*Por Kika Gama Lobo
Uma imagem vale mil palavras… Enquanto uns fingem “cuidar das pessoas” outros tantos polemizam negando a vinda ou não de exposições culturais ao Rio por seu caráter pornográfico e vexatório. Imoral é essa foto que vi estampada na capa do Globo, nesta semana. De autoria do fotógrafo José Lucena, a menina mais velha venda os olhos da irmã menor para que a violência explícita da Rocinha não invada o olhar da pequenina. Corpos atirados no chão, tiros à deriva, sujeira, pornografia, falta de esgoto, limpeza, cidadania… é uma carência de tudo. A venda nos olhos dela diz muito. Não é a menina que não pode ver. Somos nós que somos cegos. Não queremos ver. Não queremos transformar. Mudar dá trabalho. Enfrentar que somos uma cidade partida dói. Trabalho em São Conrado a passos da Via Ápia – entrada da comunidade – e falo de carteirinha. Subi muita aquela favela. Fiz trabalho social, tinha a Coopa Roca como lojista do Fashion Mall além de uma amiga, a Polyana Simões, que tinha uma loja lá. Já montei muito em garupa de moto táxi para ir até a rua 1 e 2. Comi o sushi, comprei biquíni pirata, conheci manicures incríveis além de ter participado do projeto Cow Parade que instalou uma obra de arte em formato de vaca na escola municipal.
E sigo dizendo. O carioca classe média alta e o rico não conhecem a Rocinha. Não querem conhecer. Não querem ver. Faz de conta que não existe. Só se preocupa quando pipocam balas no asfalto e aí sim fazem cara de antropólogos e tentam explicar o inexplicável.

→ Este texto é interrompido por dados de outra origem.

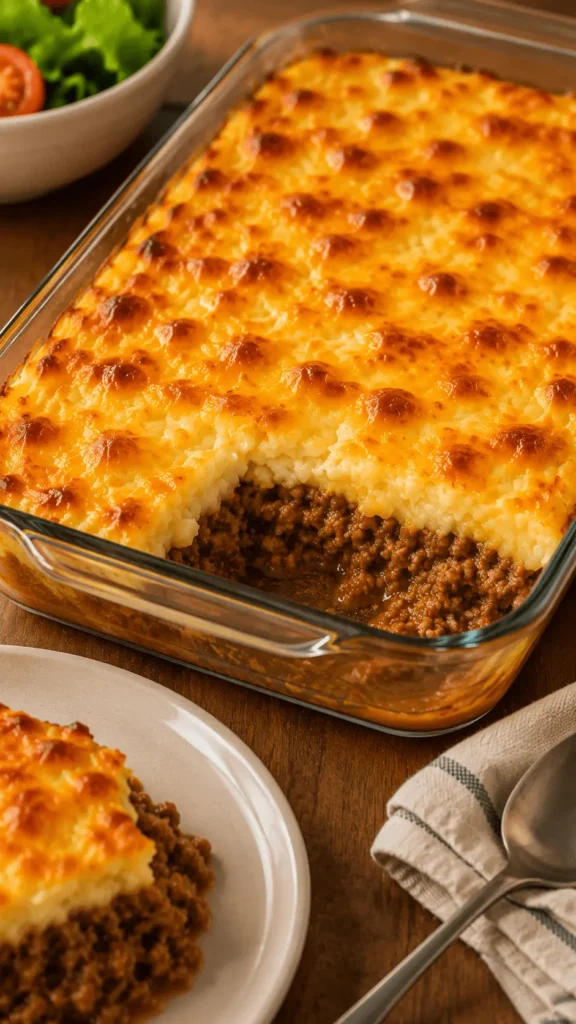 Meatloaf Casserole in a glass baking dish with seasoned beef, creamy mashed potatoes, and a golden melted cheese topping.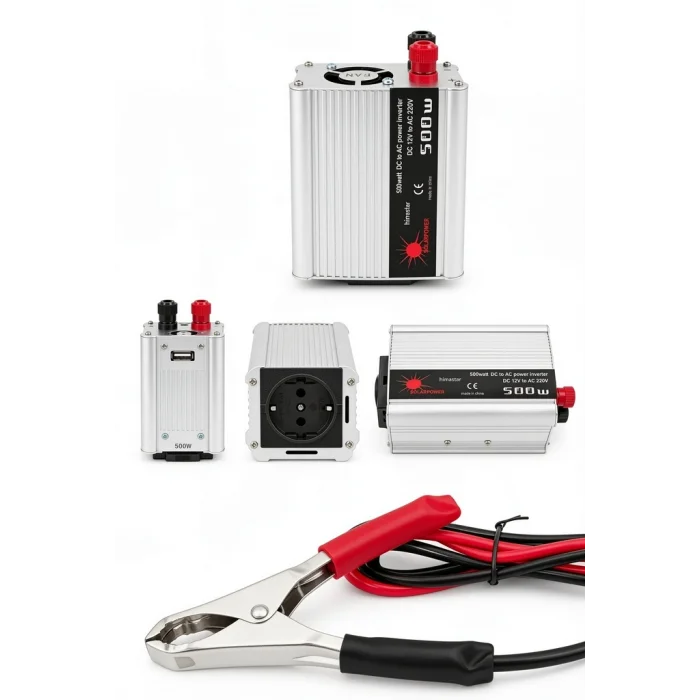 BUĞZ 500W 12V Akü Güç İnverteri 220V AC ve USB Çıkışlı Fanlı Dönüştürücü Araç ve Karavan Kullanımı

A Rocinha tem mil virtudes. Não cabe aqui um glossário do que é cool, criativo, hype e fashion. Acho esse lado perverso. O que me choca do topo dos meus 53 anos é que muito pouco mudou. Os fios emaranhados, o fedor nas ruas, as vielas estreitas e lotadas de esgoto; os cachorros mancos, as crianças e jovens erotizadas, os trabalhadores honestos misturados aos Rubinhos e Sabiás da vida real. Tá tudo lá. Tá tudo dominado pelo tráfico e pela permissividade. Prefeito, não adianta banho de loja. O que precisamos é de poder público com pulso, investimento e vontade de transformar. Precisamos também que o cidadão carioca das classes mais abastadas frequente as favelas. Pare de não ligar os pontos. Precisamos construir pontes contra a cegueira. Do contrário, breu eterno.